[[ Records shown open ]]
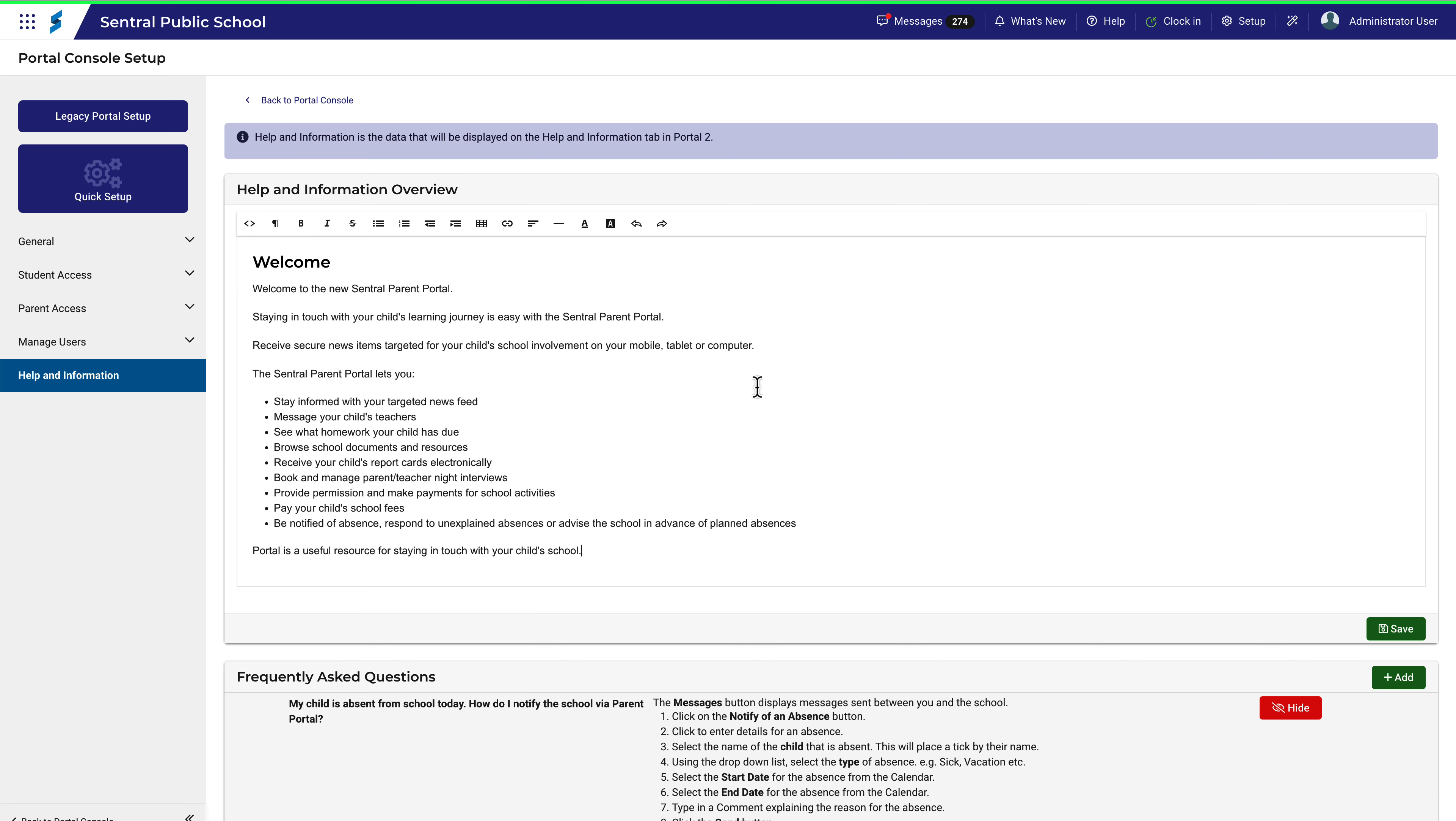In this first section, you can make edits directly into this content area. The text shown here is quite generic and you may wish to customize this for your school. Simply make your edits and then click Save.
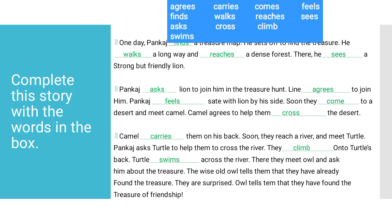The wise old owl tells them that they have already found the treasure. Everyone was surprised. The owl revealed that they found the treasure of friendship. Students, you have to complete this exercise.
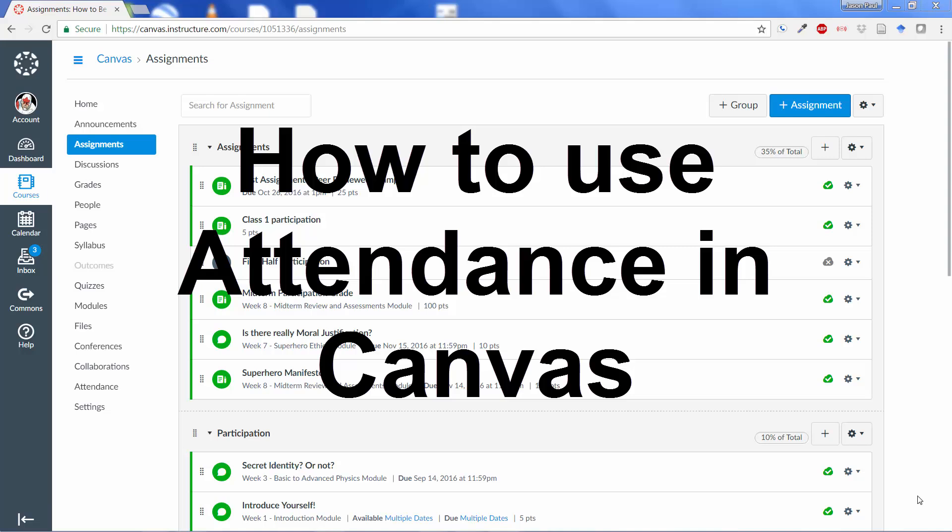Hey, this is Jason Johnson, instructional designer here at University of Kentucky College of Social Work, and I just wanted to do a quick tutorial here to talk about how to do attendance in Canvas.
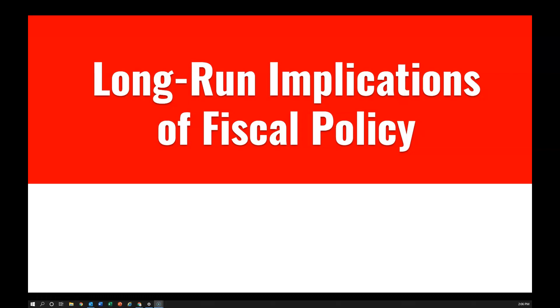Hey everyone, today we're looking at the long-run implications of fiscal policy. Last time we looked at what fiscal policy is, and now we want to look at what the implications are, especially related to government debt.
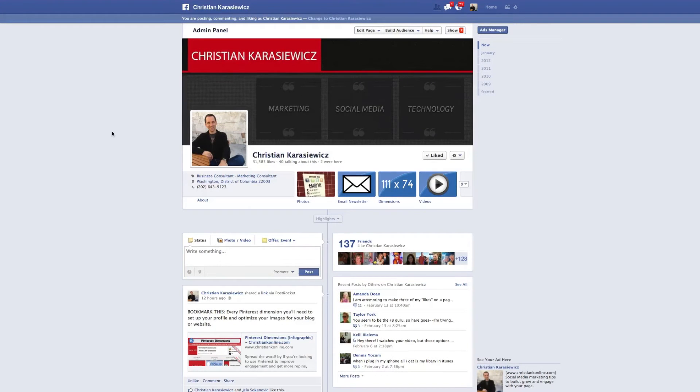Today's question of the day comes from a reader who wants to know how to go about adding additional dates to their Facebook page.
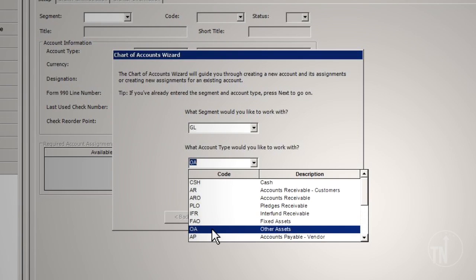OA – Other Assets. This is a non-control account type used for asset types not already listed. These are used for items such as prepaids, investments, deposits, and various other items that do not fit into one of the specific account types.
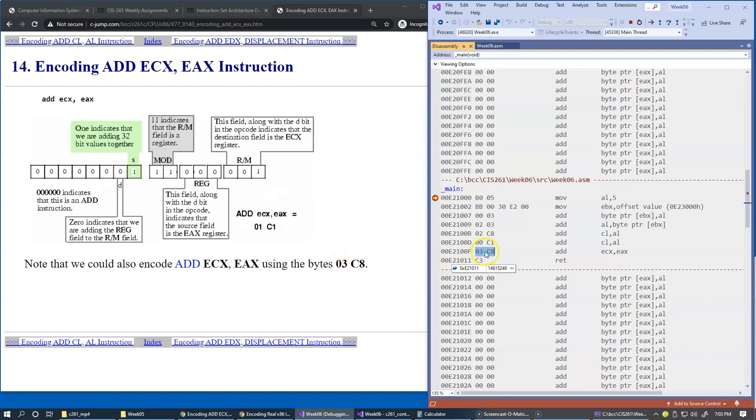This is the encoding that my assembler on this computer generates for this instruction. But of course, once again, we could encode it as 01C1.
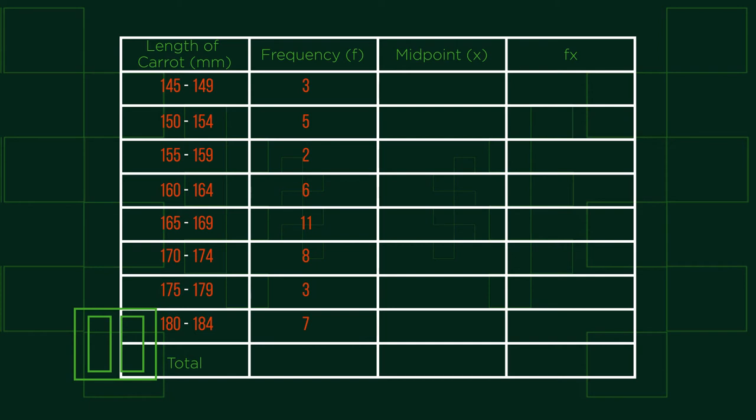Pause here and see if you can figure out the mean. Let's see how you got on.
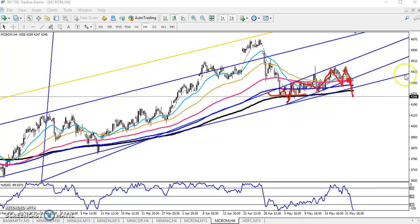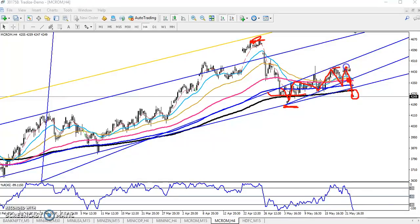You can see they broke this 200 level right here. So we were expecting price will create a new lower. Right now you can see they created a lower low and lower high. This is the higher high, this is the lower low, and it's a lower high.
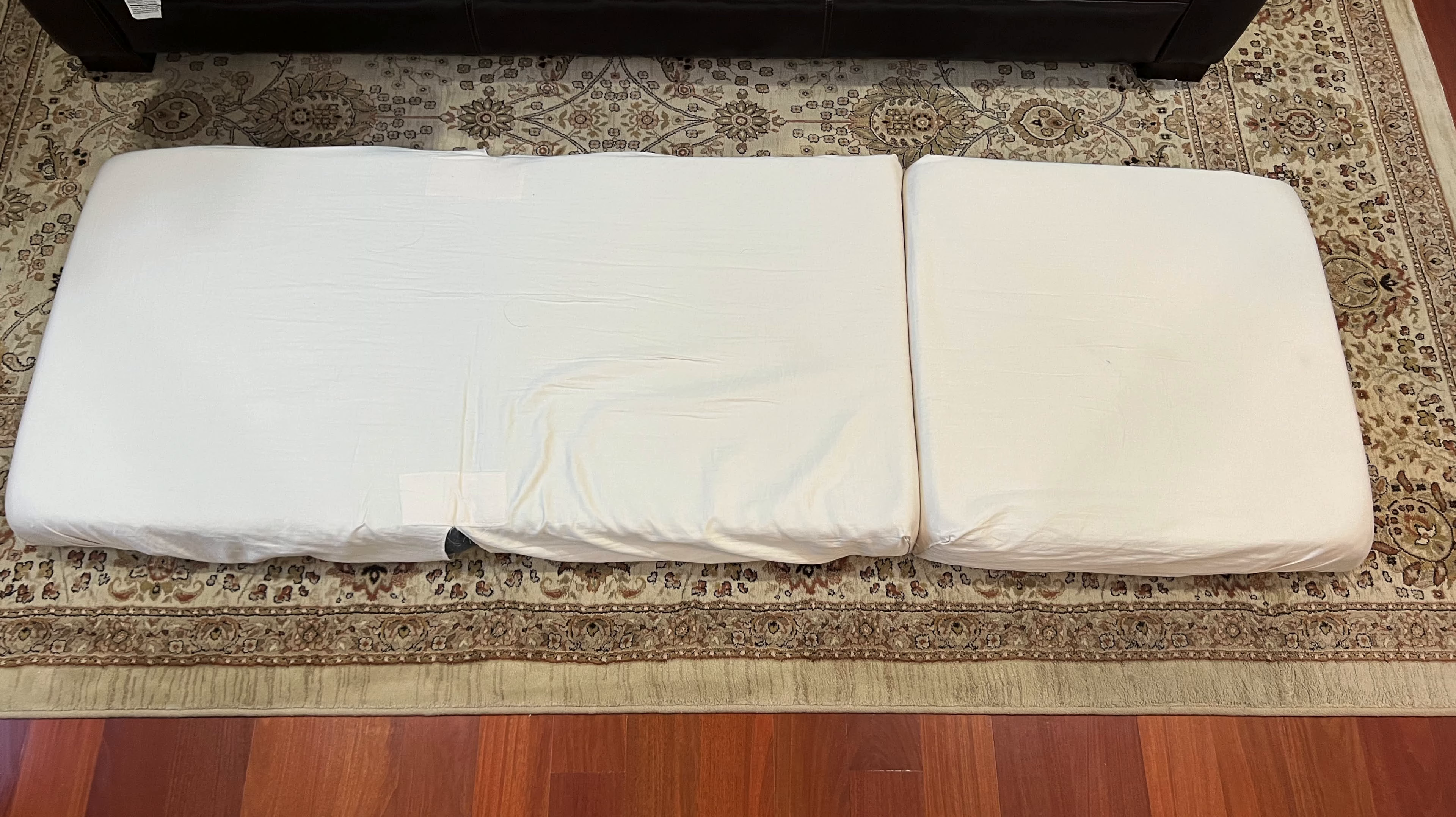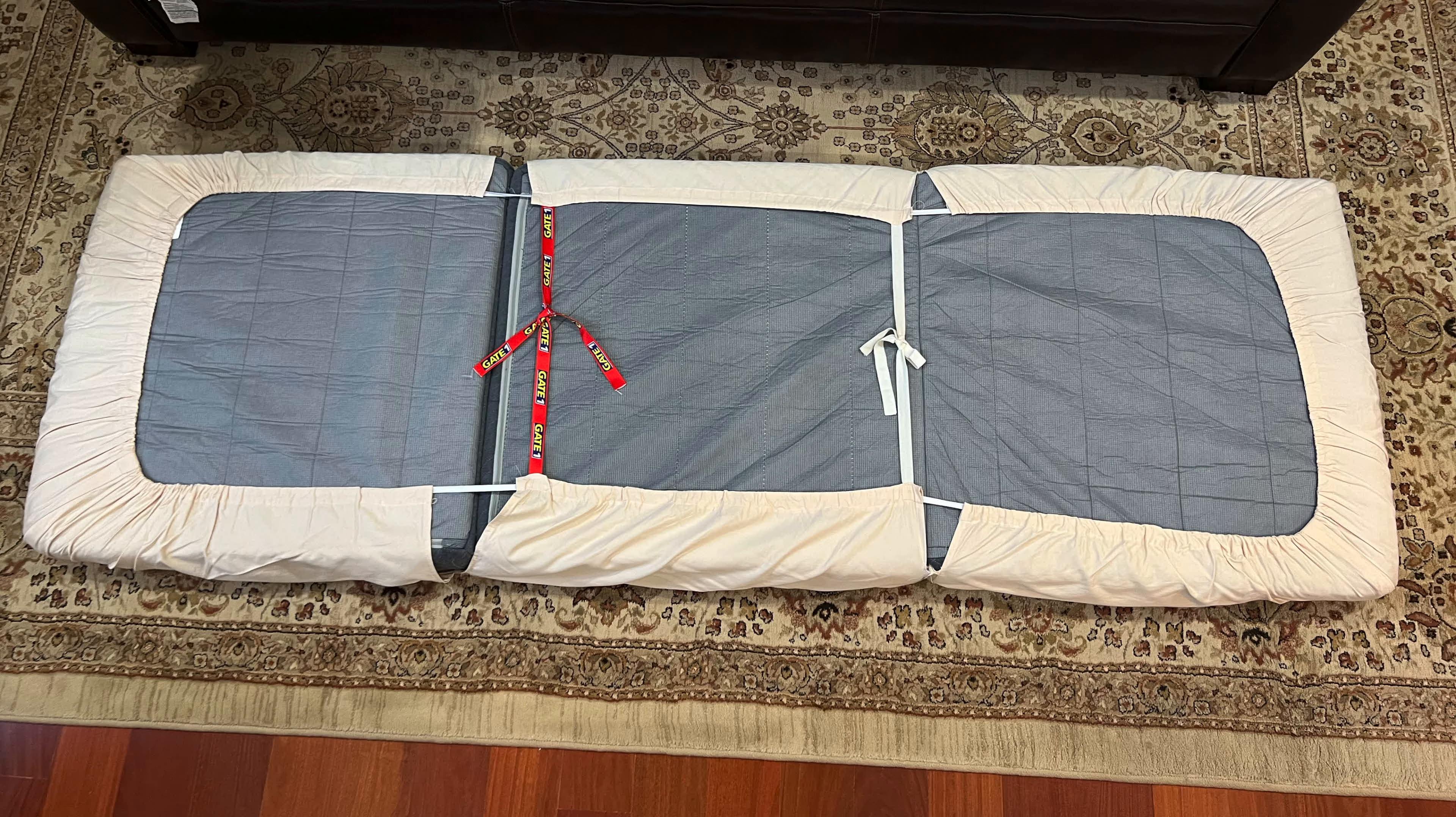The tri-fold mattress fits our minicamper perfectly. In order to keep it clean, I made a cover for it.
[[ Records shown closed ]]
- **Activity**
Every entry above is to be transcribed exactly, with all pictures left out.

- **Answer box**
In this first section, you can make edits directly into this content area. The text shown here is quite generic and you may wish to customize this for your school. Simply make your edits and then click Save.
The wise old owl tells them that they have already found the treasure. Everyone was surprised. The owl revealed that they found the treasure of friendship. Students, you have to complete this exercise.
Hey, this is Jason Johnson, instructional designer here at University of Kentucky College of Social Work, and I just wanted to do a quick tutorial here to talk about how to do attendance in Canvas.
Hey everyone, today we're looking at the long-run implications of fiscal policy. Last time we looked at what fiscal policy is, and now we want to look at what the implications are, especially related to government debt.
Today's question of the day comes from a reader who wants to know how to go about adding additional dates to their Facebook page.
OA – Other Assets. This is a non-control account type used for asset types not already listed. These are used for items such as prepaids, investments, deposits, and various other items that do not fit into one of the specific account types.
This is the encoding that my assembler on this computer generates for this instruction. But of course, once again, we could encode it as 01C1.
Pause here and see if you can figure out the mean. Let's see how you got on.
You can see they broke this 200 level right here. So we were expecting price will create a new lower. Right now you can see they created a lower low and lower high. This is the higher high, this is the lower low, and it's a lower high.
The tri-fold mattress fits our minicamper perfectly. In order to keep it clean, I made a cover for it.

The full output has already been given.